# Listed records
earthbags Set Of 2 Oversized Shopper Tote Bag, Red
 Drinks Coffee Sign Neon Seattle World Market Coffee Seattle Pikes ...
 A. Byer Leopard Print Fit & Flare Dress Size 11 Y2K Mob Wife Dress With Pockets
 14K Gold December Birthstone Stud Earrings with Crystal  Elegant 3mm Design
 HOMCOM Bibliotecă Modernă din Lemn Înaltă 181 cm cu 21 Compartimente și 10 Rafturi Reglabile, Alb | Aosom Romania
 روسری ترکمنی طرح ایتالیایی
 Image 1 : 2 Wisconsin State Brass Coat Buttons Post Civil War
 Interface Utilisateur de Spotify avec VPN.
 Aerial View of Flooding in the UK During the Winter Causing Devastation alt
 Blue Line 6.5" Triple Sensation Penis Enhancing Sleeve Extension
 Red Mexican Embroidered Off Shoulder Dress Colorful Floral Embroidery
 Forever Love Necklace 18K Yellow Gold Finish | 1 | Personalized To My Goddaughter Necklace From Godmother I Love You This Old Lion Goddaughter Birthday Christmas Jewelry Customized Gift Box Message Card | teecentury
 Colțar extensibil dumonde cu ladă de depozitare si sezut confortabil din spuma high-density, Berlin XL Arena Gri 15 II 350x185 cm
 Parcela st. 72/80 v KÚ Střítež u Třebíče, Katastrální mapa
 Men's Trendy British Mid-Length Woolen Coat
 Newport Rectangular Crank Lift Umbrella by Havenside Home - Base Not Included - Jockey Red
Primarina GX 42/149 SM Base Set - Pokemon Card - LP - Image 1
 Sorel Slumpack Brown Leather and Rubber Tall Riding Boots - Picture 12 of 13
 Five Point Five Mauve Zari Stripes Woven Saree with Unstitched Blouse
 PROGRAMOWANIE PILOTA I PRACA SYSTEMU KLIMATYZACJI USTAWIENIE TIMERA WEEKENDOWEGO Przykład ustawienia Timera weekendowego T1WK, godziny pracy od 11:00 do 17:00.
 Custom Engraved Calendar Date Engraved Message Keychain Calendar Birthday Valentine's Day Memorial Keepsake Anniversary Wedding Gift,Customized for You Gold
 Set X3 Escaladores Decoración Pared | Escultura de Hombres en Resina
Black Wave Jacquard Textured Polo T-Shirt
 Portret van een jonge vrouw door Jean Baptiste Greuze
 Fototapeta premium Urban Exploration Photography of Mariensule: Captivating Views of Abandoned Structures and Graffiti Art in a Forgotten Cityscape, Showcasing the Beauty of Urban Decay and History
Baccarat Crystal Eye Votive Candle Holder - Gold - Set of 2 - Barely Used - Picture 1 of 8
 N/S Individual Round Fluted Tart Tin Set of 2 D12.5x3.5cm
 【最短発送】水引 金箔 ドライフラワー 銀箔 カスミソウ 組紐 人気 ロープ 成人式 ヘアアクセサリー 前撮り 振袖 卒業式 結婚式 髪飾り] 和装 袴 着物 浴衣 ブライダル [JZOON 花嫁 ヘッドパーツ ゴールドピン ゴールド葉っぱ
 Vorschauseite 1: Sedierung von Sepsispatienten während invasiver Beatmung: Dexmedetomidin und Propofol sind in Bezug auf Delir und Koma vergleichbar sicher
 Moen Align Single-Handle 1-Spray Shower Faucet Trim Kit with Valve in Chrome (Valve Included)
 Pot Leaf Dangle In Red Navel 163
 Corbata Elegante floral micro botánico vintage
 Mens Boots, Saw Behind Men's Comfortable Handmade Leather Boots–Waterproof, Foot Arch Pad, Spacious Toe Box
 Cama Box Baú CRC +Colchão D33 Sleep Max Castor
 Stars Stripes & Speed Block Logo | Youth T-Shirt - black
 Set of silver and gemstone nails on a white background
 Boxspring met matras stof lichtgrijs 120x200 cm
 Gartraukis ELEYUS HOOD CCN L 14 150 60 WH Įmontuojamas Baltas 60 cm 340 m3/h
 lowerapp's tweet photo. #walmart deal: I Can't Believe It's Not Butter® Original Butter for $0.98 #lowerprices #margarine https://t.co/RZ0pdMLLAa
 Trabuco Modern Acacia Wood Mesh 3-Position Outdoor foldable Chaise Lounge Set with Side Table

# Description of the task
Set down the listing above exactly, line for line.

# Answer section
earthbags Set Of 2 Oversized Shopper Tote Bag, Red
 Drinks Coffee Sign Neon Seattle World Market Coffee Seattle Pikes ...
 A. Byer Leopard Print Fit & Flare Dress Size 11 Y2K Mob Wife Dress With Pockets
 14K Gold December Birthstone Stud Earrings with Crystal  Elegant 3mm Design
 HOMCOM Bibliotecă Modernă din Lemn Înaltă 181 cm cu 21 Compartimente și 10 Rafturi Reglabile, Alb | Aosom Romania
 روسری ترکمنی طرح ایتالیایی
 Image 1 : 2 Wisconsin State Brass Coat Buttons Post Civil War
 Interface Utilisateur de Spotify avec VPN.
 Aerial View of Flooding in the UK During the Winter Causing Devastation alt
 Blue Line 6.5" Triple Sensation Penis Enhancing Sleeve Extension
 Red Mexican Embroidered Off Shoulder Dress Colorful Floral Embroidery
 Forever Love Necklace 18K Yellow Gold Finish | 1 | Personalized To My Goddaughter Necklace From Godmother I Love You This Old Lion Goddaughter Birthday Christmas Jewelry Customized Gift Box Message Card | teecentury
 Colțar extensibil dumonde cu ladă de depozitare si sezut confortabil din spuma high-density, Berlin XL Arena Gri 15 II 350x185 cm
 Parcela st. 72/80 v KÚ Střítež u Třebíče, Katastrální mapa
 Men's Trendy British Mid-Length Woolen Coat
 Newport Rectangular Crank Lift Umbrella by Havenside Home - Base Not Included - Jockey Red
Primarina GX 42/149 SM Base Set - Pokemon Card - LP - Image 1
 Sorel Slumpack Brown Leather and Rubber Tall Riding Boots - Picture 12 of 13
 Five Point Five Mauve Zari Stripes Woven Saree with Unstitched Blouse
 PROGRAMOWANIE PILOTA I PRACA SYSTEMU KLIMATYZACJI USTAWIENIE TIMERA WEEKENDOWEGO Przykład ustawienia Timera weekendowego T1WK, godziny pracy od 11:00 do 17:00.
 Custom Engraved Calendar Date Engraved Message Keychain Calendar Birthday Valentine's Day Memorial Keepsake Anniversary Wedding Gift,Customized for You Gold
 Set X3 Escaladores Decoración Pared | Escultura de Hombres en Resina
Black Wave Jacquard Textured Polo T-Shirt
 Portret van een jonge vrouw door Jean Baptiste Greuze
 Fototapeta premium Urban Exploration Photography of Mariensule: Captivating Views of Abandoned Structures and Graffiti Art in a Forgotten Cityscape, Showcasing the Beauty of Urban Decay and History
Baccarat Crystal Eye Votive Candle Holder - Gold - Set of 2 - Barely Used - Picture 1 of 8
 N/S Individual Round Fluted Tart Tin Set of 2 D12.5x3.5cm
 【最短発送】水引 金箔 ドライフラワー 銀箔 カスミソウ 組紐 人気 ロープ 成人式 ヘアアクセサリー 前撮り 振袖 卒業式 結婚式 髪飾り] 和装 袴 着物 浴衣 ブライダル [JZOON 花嫁 ヘッドパーツ ゴールドピン ゴールド葉っぱ
 Vorschauseite 1: Sedierung von Sepsispatienten während invasiver Beatmung: Dexmedetomidin und Propofol sind in Bezug auf Delir und Koma vergleichbar sicher
 Moen Align Single-Handle 1-Spray Shower Faucet Trim Kit with Valve in Chrome (Valve Included)
 Pot Leaf Dangle In Red Navel 163
 Corbata Elegante floral micro botánico vintage
 Mens Boots, Saw Behind Men's Comfortable Handmade Leather Boots–Waterproof, Foot Arch Pad, Spacious Toe Box
 Cama Box Baú CRC +Colchão D33 Sleep Max Castor
 Stars Stripes & Speed Block Logo | Youth T-Shirt - black
 Set of silver and gemstone nails on a white background
 Boxspring met matras stof lichtgrijs 120x200 cm
 Gartraukis ELEYUS HOOD CCN L 14 150 60 WH Įmontuojamas Baltas 60 cm 340 m3/h
 lowerapp's tweet photo. #walmart deal: I Can't Believe It's Not Butter® Original Butter for $0.98 #lowerprices #margarine https://t.co/RZ0pdMLLAa
 Trabuco Modern Acacia Wood Mesh 3-Position Outdoor foldable Chaise Lounge Set with Side Table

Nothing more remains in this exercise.